■ How to complete this task
The records under this task must be duplicated exactly.

■ Task material

════

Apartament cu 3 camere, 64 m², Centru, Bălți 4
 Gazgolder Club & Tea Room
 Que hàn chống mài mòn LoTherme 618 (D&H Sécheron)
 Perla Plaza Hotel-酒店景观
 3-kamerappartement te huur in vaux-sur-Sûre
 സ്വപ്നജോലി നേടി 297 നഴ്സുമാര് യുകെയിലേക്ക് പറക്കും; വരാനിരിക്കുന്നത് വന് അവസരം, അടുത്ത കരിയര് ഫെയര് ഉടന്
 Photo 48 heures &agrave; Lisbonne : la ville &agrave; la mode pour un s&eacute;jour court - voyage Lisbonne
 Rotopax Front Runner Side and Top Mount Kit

════

■ Reply
Apartament cu 3 camere, 64 m², Centru, Bălți 4
 Gazgolder Club & Tea Room
 Que hàn chống mài mòn LoTherme 618 (D&H Sécheron)
 Perla Plaza Hotel-酒店景观
 3-kamerappartement te huur in vaux-sur-Sûre
 സ്വപ്നജോലി നേടി 297 നഴ്സുമാര് യുകെയിലേക്ക് പറക്കും; വരാനിരിക്കുന്നത് വന് അവസരം, അടുത്ത കരിയര് ഫെയര് ഉടന്
 Photo 48 heures &agrave; Lisbonne : la ville &agrave; la mode pour un s&eacute;jour court - voyage Lisbonne
 Rotopax Front Runner Side and Top Mount Kit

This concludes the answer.